Task statement — Nothing may be dropped or added when the entries below are copied.
*** Material for this exercise Section Begins ***
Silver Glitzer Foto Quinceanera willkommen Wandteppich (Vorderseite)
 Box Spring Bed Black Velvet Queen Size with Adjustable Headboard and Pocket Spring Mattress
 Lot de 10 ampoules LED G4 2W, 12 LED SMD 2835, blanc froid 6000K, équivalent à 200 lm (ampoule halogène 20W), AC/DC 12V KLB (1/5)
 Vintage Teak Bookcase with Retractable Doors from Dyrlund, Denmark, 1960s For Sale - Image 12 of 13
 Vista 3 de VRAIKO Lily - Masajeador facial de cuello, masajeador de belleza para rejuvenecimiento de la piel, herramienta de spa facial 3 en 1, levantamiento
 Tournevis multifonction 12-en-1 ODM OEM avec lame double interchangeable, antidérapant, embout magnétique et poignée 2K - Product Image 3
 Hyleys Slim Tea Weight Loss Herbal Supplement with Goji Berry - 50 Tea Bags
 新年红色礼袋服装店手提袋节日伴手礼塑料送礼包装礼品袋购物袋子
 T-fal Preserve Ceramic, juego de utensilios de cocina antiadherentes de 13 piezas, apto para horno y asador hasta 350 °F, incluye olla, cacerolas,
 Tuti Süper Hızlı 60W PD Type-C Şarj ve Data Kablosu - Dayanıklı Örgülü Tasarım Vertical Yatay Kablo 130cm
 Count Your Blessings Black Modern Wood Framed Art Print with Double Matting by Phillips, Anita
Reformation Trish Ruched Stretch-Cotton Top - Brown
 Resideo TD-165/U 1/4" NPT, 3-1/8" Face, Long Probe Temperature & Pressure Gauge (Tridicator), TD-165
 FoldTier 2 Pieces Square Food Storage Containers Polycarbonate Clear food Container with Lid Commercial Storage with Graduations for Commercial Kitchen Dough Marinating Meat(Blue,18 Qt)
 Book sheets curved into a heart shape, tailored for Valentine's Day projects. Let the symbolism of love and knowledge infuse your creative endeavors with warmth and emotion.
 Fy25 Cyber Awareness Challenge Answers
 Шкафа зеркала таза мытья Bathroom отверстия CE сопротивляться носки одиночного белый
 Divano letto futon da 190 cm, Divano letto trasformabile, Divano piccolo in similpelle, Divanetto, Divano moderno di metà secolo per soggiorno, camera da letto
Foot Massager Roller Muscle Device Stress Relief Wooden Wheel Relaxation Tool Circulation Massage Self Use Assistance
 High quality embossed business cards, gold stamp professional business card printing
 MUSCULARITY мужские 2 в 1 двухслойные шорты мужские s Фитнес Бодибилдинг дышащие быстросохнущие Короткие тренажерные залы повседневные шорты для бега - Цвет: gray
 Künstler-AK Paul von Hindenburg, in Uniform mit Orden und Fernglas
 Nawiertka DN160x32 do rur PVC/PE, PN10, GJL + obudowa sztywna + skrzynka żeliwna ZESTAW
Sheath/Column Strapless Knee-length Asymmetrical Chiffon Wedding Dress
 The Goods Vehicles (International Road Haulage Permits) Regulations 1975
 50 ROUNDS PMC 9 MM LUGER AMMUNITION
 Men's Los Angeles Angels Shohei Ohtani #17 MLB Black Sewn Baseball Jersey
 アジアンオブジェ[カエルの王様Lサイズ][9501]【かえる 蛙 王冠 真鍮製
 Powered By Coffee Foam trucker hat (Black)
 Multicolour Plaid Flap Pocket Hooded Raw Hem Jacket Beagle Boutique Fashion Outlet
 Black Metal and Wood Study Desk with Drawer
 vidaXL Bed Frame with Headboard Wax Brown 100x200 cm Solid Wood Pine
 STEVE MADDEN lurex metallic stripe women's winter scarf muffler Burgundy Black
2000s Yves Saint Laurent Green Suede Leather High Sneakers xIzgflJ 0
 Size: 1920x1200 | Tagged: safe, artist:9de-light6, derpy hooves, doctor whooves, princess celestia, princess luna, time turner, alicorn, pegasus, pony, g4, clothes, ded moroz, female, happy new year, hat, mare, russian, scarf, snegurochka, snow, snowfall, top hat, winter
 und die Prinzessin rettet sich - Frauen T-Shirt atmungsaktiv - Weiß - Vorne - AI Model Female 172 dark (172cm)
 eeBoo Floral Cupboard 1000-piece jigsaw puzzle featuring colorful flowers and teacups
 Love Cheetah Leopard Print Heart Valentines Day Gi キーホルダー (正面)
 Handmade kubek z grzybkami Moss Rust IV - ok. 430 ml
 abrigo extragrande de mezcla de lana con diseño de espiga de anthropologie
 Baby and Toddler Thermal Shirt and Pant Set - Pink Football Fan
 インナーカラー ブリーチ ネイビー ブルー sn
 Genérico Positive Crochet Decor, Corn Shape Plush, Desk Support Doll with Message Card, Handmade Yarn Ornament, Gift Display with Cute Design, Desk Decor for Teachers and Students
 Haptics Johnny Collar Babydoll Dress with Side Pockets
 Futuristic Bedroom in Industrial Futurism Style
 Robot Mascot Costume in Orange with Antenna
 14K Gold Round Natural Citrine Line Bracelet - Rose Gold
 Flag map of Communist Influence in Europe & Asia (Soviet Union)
*** Material for this exercise Section Ends ***
Task answer —
Silver Glitzer Foto Quinceanera willkommen Wandteppich (Vorderseite)
 Box Spring Bed Black Velvet Queen Size with Adjustable Headboard and Pocket Spring Mattress
 Lot de 10 ampoules LED G4 2W, 12 LED SMD 2835, blanc froid 6000K, équivalent à 200 lm (ampoule halogène 20W), AC/DC 12V KLB (1/5)
 Vintage Teak Bookcase with Retractable Doors from Dyrlund, Denmark, 1960s For Sale - Image 12 of 13
 Vista 3 de VRAIKO Lily - Masajeador facial de cuello, masajeador de belleza para rejuvenecimiento de la piel, herramienta de spa facial 3 en 1, levantamiento
 Tournevis multifonction 12-en-1 ODM OEM avec lame double interchangeable, antidérapant, embout magnétique et poignée 2K - Product Image 3
 Hyleys Slim Tea Weight Loss Herbal Supplement with Goji Berry - 50 Tea Bags
 新年红色礼袋服装店手提袋节日伴手礼塑料送礼包装礼品袋购物袋子
 T-fal Preserve Ceramic, juego de utensilios de cocina antiadherentes de 13 piezas, apto para horno y asador hasta 350 °F, incluye olla, cacerolas,
 Tuti Süper Hızlı 60W PD Type-C Şarj ve Data Kablosu - Dayanıklı Örgülü Tasarım Vertical Yatay Kablo 130cm
 Count Your Blessings Black Modern Wood Framed Art Print with Double Matting by Phillips, Anita
Reformation Trish Ruched Stretch-Cotton Top - Brown
 Resideo TD-165/U 1/4" NPT, 3-1/8" Face, Long Probe Temperature & Pressure Gauge (Tridicator), TD-165
 FoldTier 2 Pieces Square Food Storage Containers Polycarbonate Clear food Container with Lid Commercial Storage with Graduations for Commercial Kitchen Dough Marinating Meat(Blue,18 Qt)
 Book sheets curved into a heart shape, tailored for Valentine's Day projects. Let the symbolism of love and knowledge infuse your creative endeavors with warmth and emotion.
 Fy25 Cyber Awareness Challenge Answers
 Шкафа зеркала таза мытья Bathroom отверстия CE сопротивляться носки одиночного белый
 Divano letto futon da 190 cm, Divano letto trasformabile, Divano piccolo in similpelle, Divanetto, Divano moderno di metà secolo per soggiorno, camera da letto
Foot Massager Roller Muscle Device Stress Relief Wooden Wheel Relaxation Tool Circulation Massage Self Use Assistance
 High quality embossed business cards, gold stamp professional business card printing
 MUSCULARITY мужские 2 в 1 двухслойные шорты мужские s Фитнес Бодибилдинг дышащие быстросохнущие Короткие тренажерные залы повседневные шорты для бега - Цвет: gray
 Künstler-AK Paul von Hindenburg, in Uniform mit Orden und Fernglas
 Nawiertka DN160x32 do rur PVC/PE, PN10, GJL + obudowa sztywna + skrzynka żeliwna ZESTAW
Sheath/Column Strapless Knee-length Asymmetrical Chiffon Wedding Dress
 The Goods Vehicles (International Road Haulage Permits) Regulations 1975
 50 ROUNDS PMC 9 MM LUGER AMMUNITION
 Men's Los Angeles Angels Shohei Ohtani #17 MLB Black Sewn Baseball Jersey
 アジアンオブジェ[カエルの王様Lサイズ][9501]【かえる 蛙 王冠 真鍮製
 Powered By Coffee Foam trucker hat (Black)
 Multicolour Plaid Flap Pocket Hooded Raw Hem Jacket Beagle Boutique Fashion Outlet
 Black Metal and Wood Study Desk with Drawer
 vidaXL Bed Frame with Headboard Wax Brown 100x200 cm Solid Wood Pine
 STEVE MADDEN lurex metallic stripe women's winter scarf muffler Burgundy Black
2000s Yves Saint Laurent Green Suede Leather High Sneakers xIzgflJ 0
 Size: 1920x1200 | Tagged: safe, artist:9de-light6, derpy hooves, doctor whooves, princess celestia, princess luna, time turner, alicorn, pegasus, pony, g4, clothes, ded moroz, female, happy new year, hat, mare, russian, scarf, snegurochka, snow, snowfall, top hat, winter
 und die Prinzessin rettet sich - Frauen T-Shirt atmungsaktiv - Weiß - Vorne - AI Model Female 172 dark (172cm)
 eeBoo Floral Cupboard 1000-piece jigsaw puzzle featuring colorful flowers and teacups
 Love Cheetah Leopard Print Heart Valentines Day Gi キーホルダー (正面)
 Handmade kubek z grzybkami Moss Rust IV - ok. 430 ml
 abrigo extragrande de mezcla de lana con diseño de espiga de anthropologie
 Baby and Toddler Thermal Shirt and Pant Set - Pink Football Fan
 インナーカラー ブリーチ ネイビー ブルー sn
 Genérico Positive Crochet Decor, Corn Shape Plush, Desk Support Doll with Message Card, Handmade Yarn Ornament, Gift Display with Cute Design, Desk Decor for Teachers and Students
 Haptics Johnny Collar Babydoll Dress with Side Pockets
 Futuristic Bedroom in Industrial Futurism Style
 Robot Mascot Costume in Orange with Antenna
 14K Gold Round Natural Citrine Line Bracelet - Rose Gold
 Flag map of Communist Influence in Europe & Asia (Soviet Union)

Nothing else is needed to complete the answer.